A bucket filled with water weighing $ 20kg $ is raised from a well of depth $ 20m $ . If the linear density of the rope is $ 0.2 $ kilogram per meter. The amount of work done is:
(A) $ 4000J $
(B) $ 4040J $
(C) $ 4400J $
(D) $ 4200J $

Answer 1

Hint :To meet the need of the answer in the options use $ g = 10m{s^{ - 1}} $ . We have to calculate the work done for each meter depth. To reduce the addition and lengthy process try to use integral methods.
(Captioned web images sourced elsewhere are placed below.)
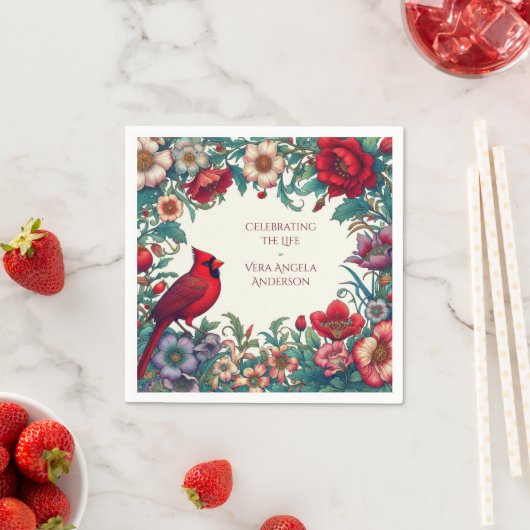 Rode Kardinaal Viering van het Leven Funeral Memor Servet (Insitu)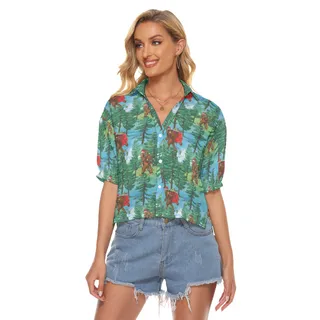 Christmas Bigfoot Xmas Hawaiian Shirt Crop Top For Women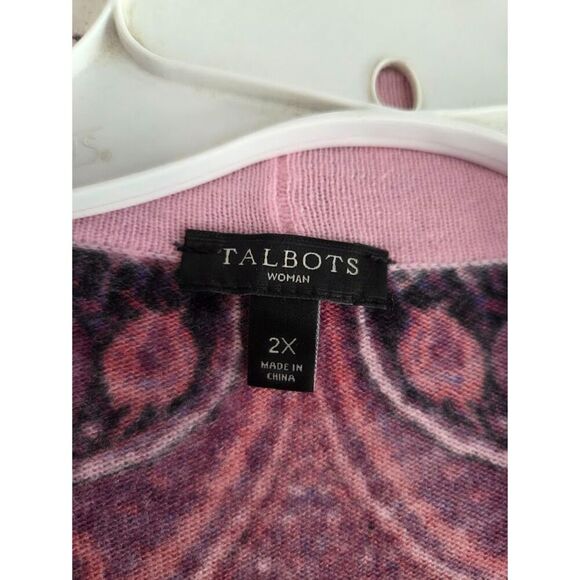 Talbots Women Burgunday Red Tapestry Lambswool Blend Cardigan Sweater size 2X - Picture 6 of 7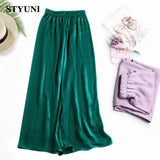 Huibaolu Loose Thin Wide Leg Solid Casual Women's Pants 2023 Summer Elastic High Waist Korean Fashion Full-length Pants for Women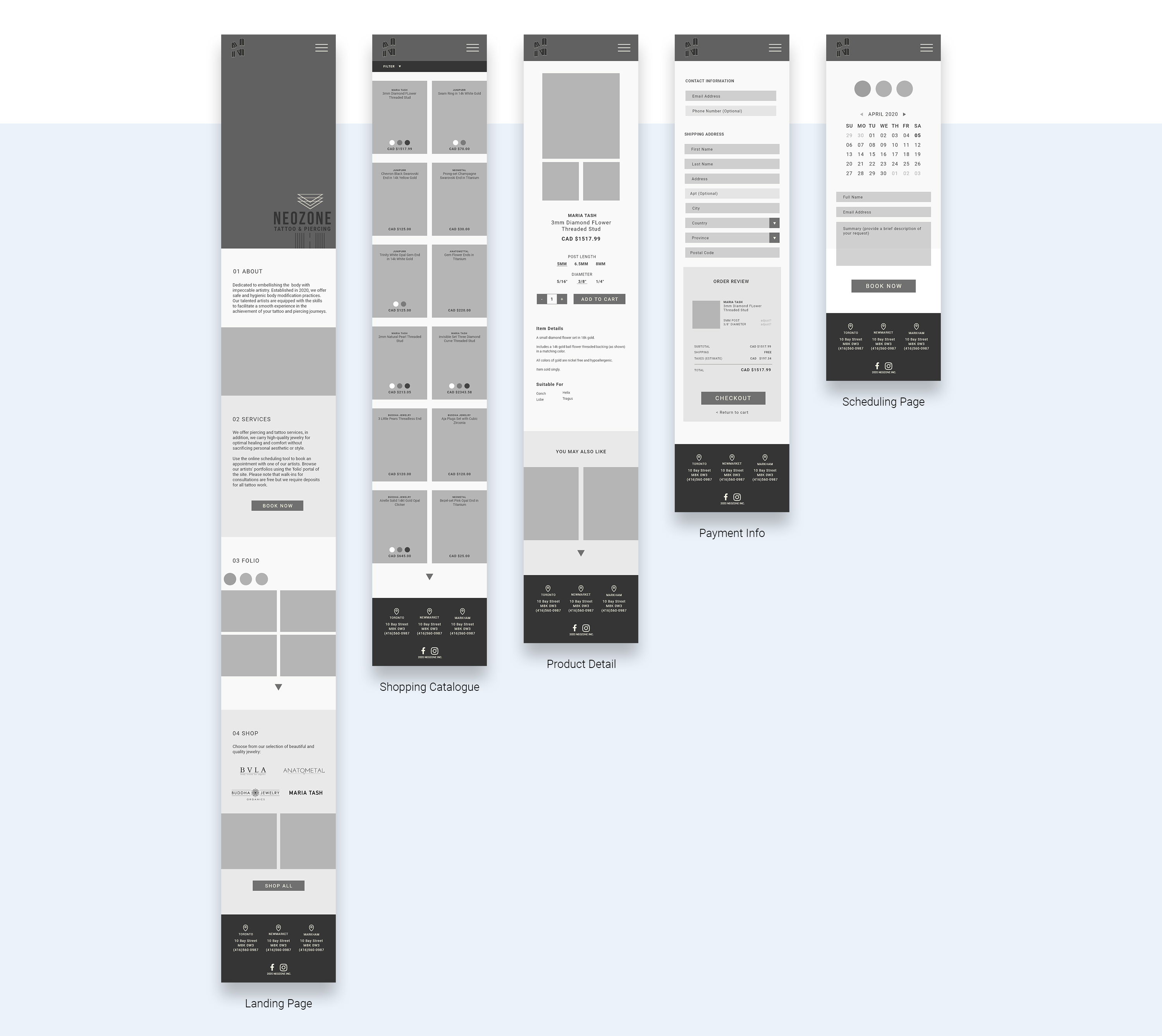 mobile wireframes for proposed ecommerce site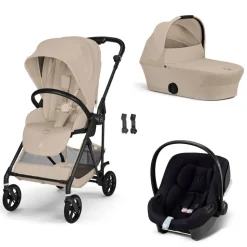Poussette trio melio carbon 6 almond beige avec siège auto aton b2 i-size et nacelle
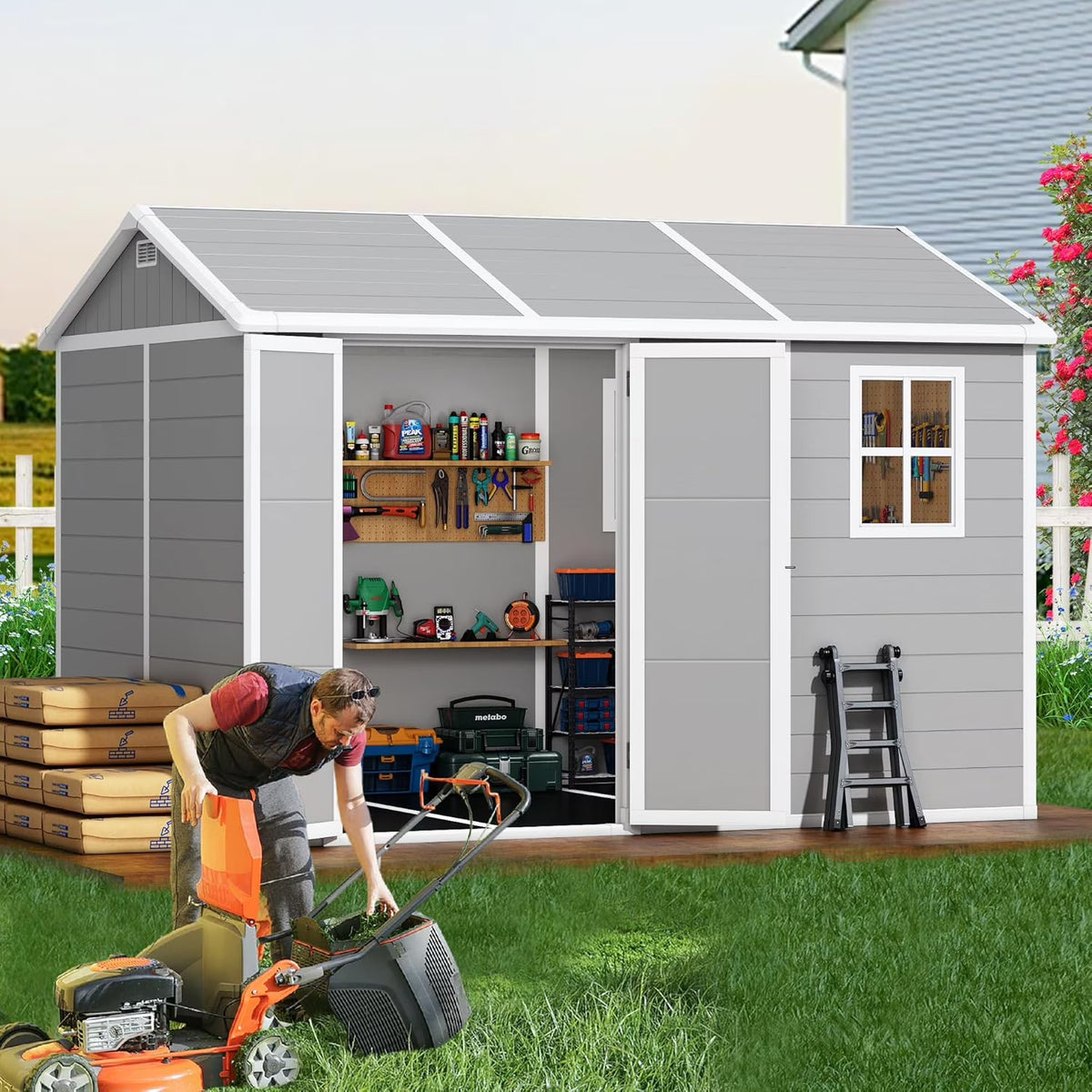 9 x 5.8 FT Outdoor Storage Shed, Linor Resin Shed with Floor, Window, and Vents, Weather-Resistant Garden Shed for Garden Tool Outside Sheds, Bike Shed, Backyard Shed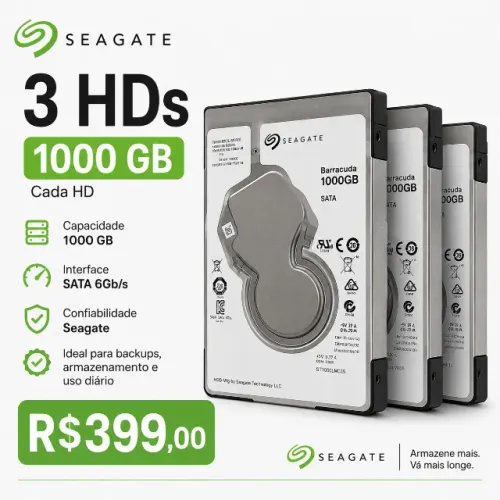lote 3 hds de 1 tera marca seagate 1000 gigas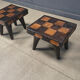 Vintage rustic wooden side tables or stools, 1960s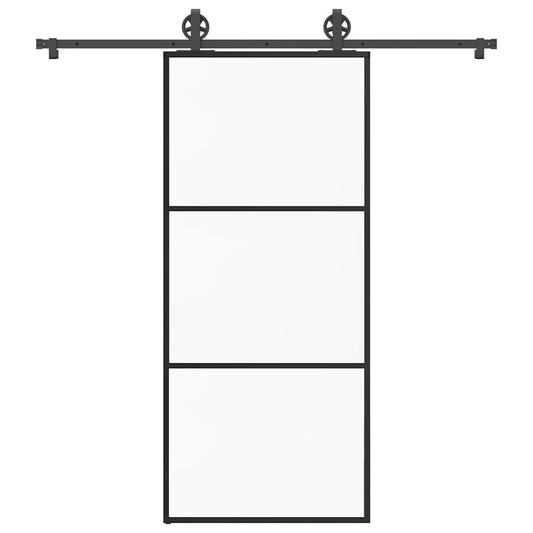 Schiebetür mit Beschlag 90x205 cm ESG-Glas & Aluminium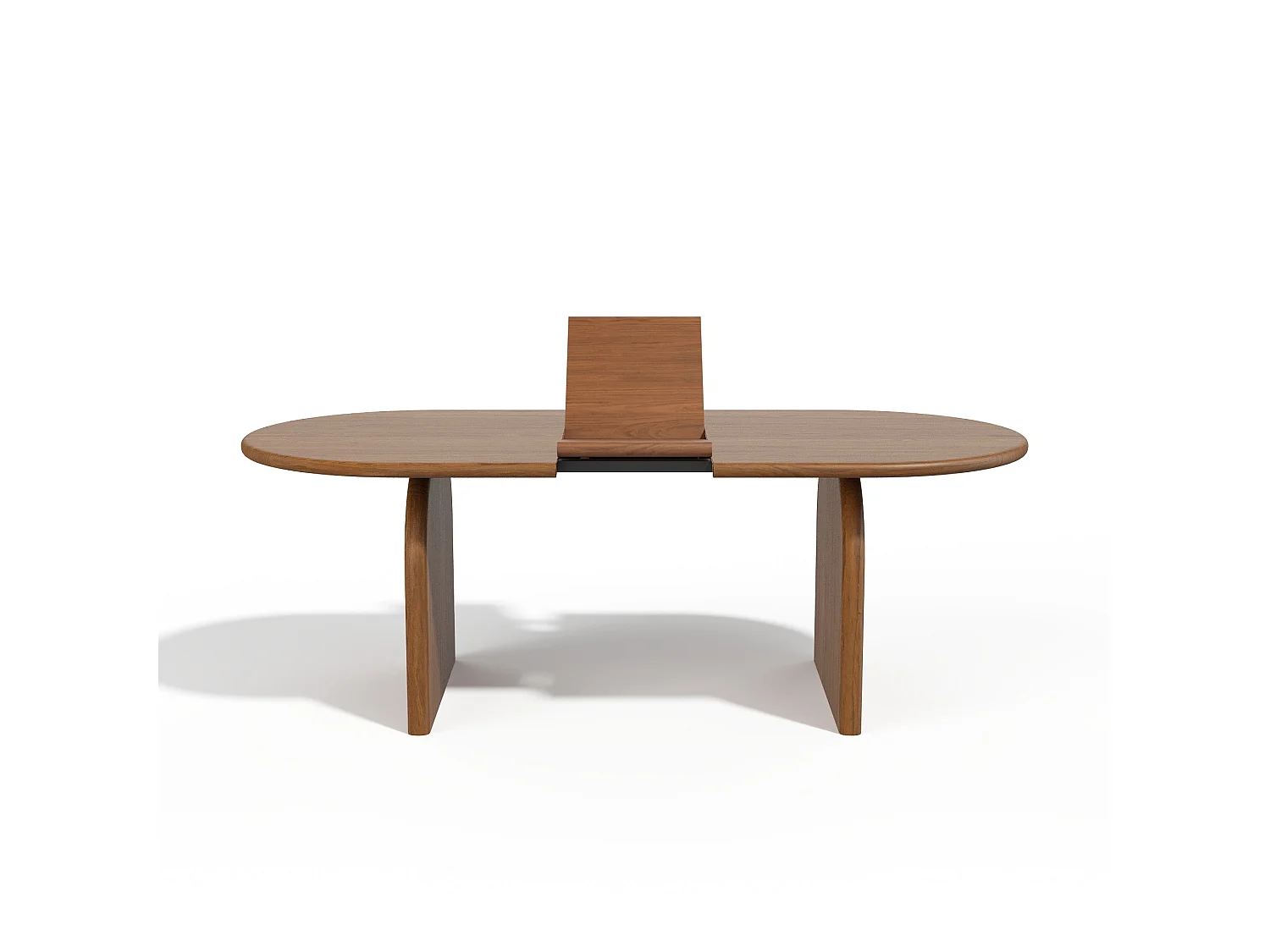 Table à manger extensible BRIA en bois contreplaqué noyer clair 220x100cm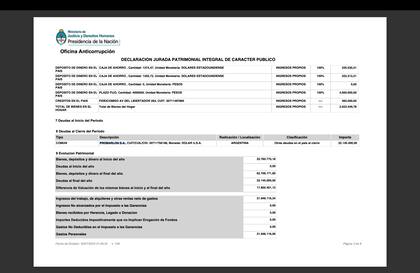 La declaración jurada de Rosana Lodovico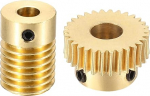 hankimine kaart Worm Gear Set 30T 0.5 moodul 1:30 reduktsioonikiirus paremale p&ouml;&ouml;rde k&auml;igukasti ratta reduktsiooni hammasratta osa (messingist hammasratas, 6mm puur, messingist varras, 5mm puur)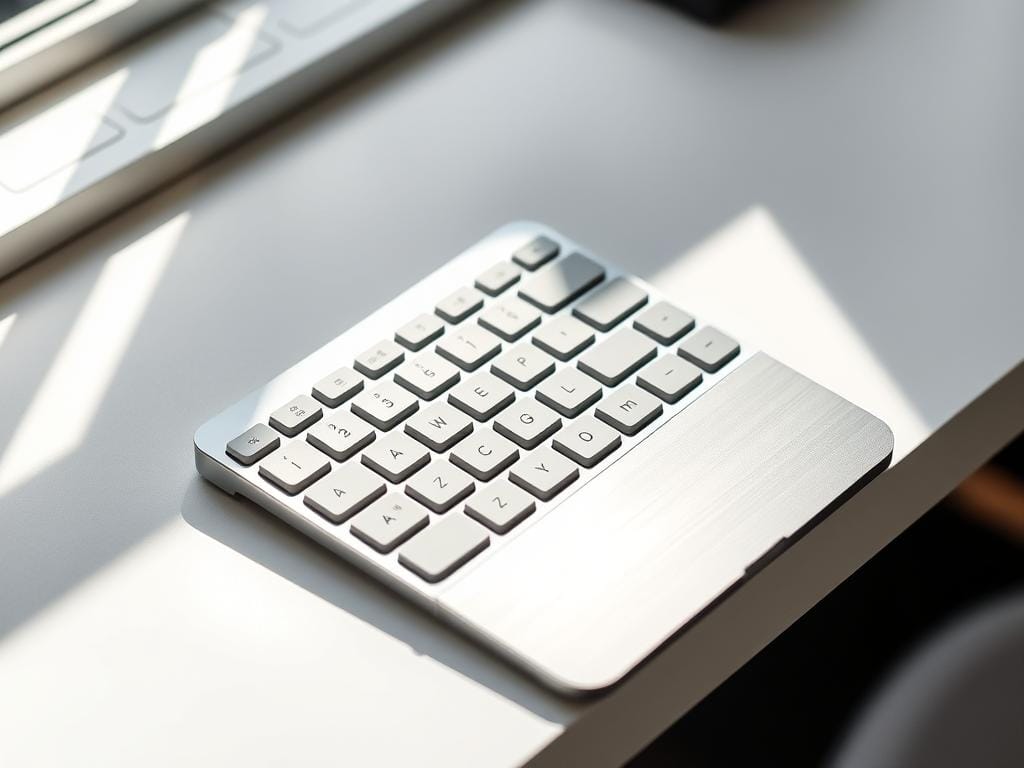 A compact, ergonomically designed keyboard rests on a minimalist desk, illuminated by soft, natural lighting. The keyboard features a split layout, gently curved to follow the natural contours of the user's hands. Sculptured keycaps provide tactile feedback, while the low-profile design encourages a neutral wrist position. Sleek, brushed aluminum accents lend a premium aesthetic, complementing the workspace's clean, modern aesthetic. The keyboard's compact size and wireless connectivity offer convenience and flexibility, enabling seamless integration into the versatile, on-the-go typing experience.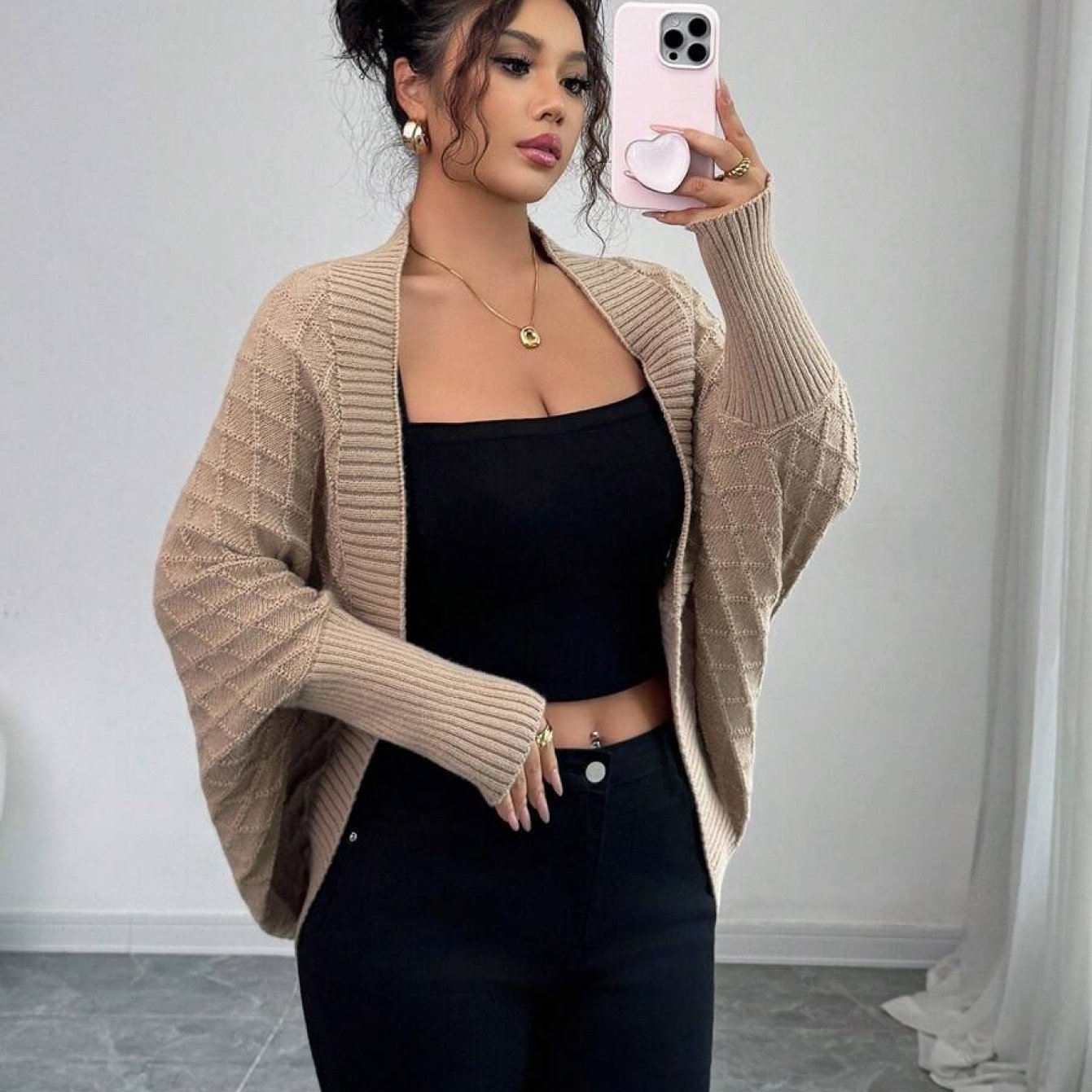 TEMU Women's Cardigan: Casual With Batwing Sleeves Mid-length Jumper, Versatile And Sophisticated Knitwear
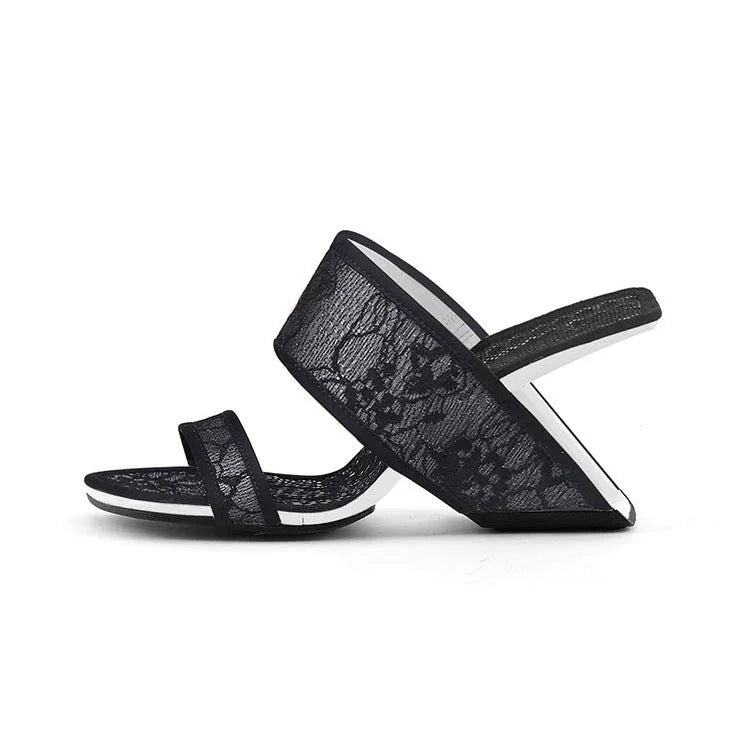 Women's Lace Embroidered Slippers Hollow-out Wedge - VAleG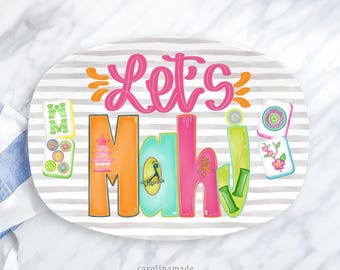 Let's Mahjong Party Platter, Personalized Mahjong Plate, Mother's Day Gift, Mahjong Birthday Gift, Mahjong Tile Gift Idea, Mahj girls Party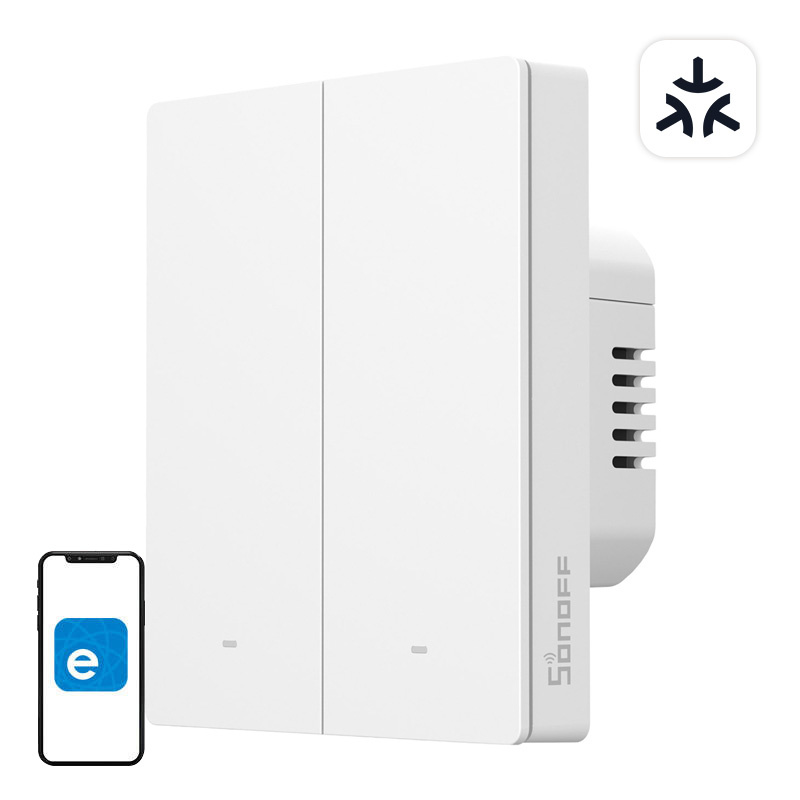 Interruttore a parete intelligente SONOFF M5-2C-80W WiFi Matter (2 canali, per cornice)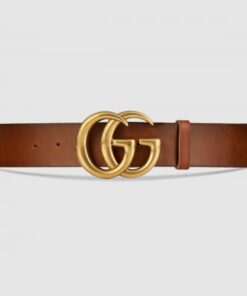 Replica Gucci Camarel Leather Belt With Double G Buckle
While raising the bucket weight of bucket and rope will be added.

Complete Step By Step Answer:
Given that the mass of the bucket filled with water is $ 20kg $ and the depth of the well is $ 20m $ .
Linear density of Rope is $ 0.2 $ $ kg{m^{ - 1}} $
 $ \therefore $ weight of rope of length $ l $ $ = 0.2l $
To find out overall work done in raising the bucket we have to calculate mass of the bucket and rope together
i.e. $ m = 20 + 0.2l $
If we say that the work done for raising the bucket from depth $ dl $ $ = dW = mg(dl) $
But we have been given the depth of well as $ 20m $
Therefore let us set the range of integral as $ l = 0m $ to $ l = 20m $ .
 $ \Rightarrow dW = mg(dl) $
Integrating both the sides in the set range of $ l $ , we get
 $ \Rightarrow W = \int\limits_0^{20} {mg(dl)} $
 $ = \int\limits_0^{20} {(20 + 0.2l)(10)dl} $
On solving this integral we get,
 $ W = 4400J $
Thus the work done in raising the the bucket from the well with the rope is $ 4400J $
The correct answer is option C.

Note :
The Work done is the amount of force required to move the object to the particular distance i.e. $ W = Fs $ . But if the work is variable with variable distance we have to add all the different works done until we reach the end, this process of adding is much lengthy so we have used the integral form of method to solve this question. It is easier to find work done at any length.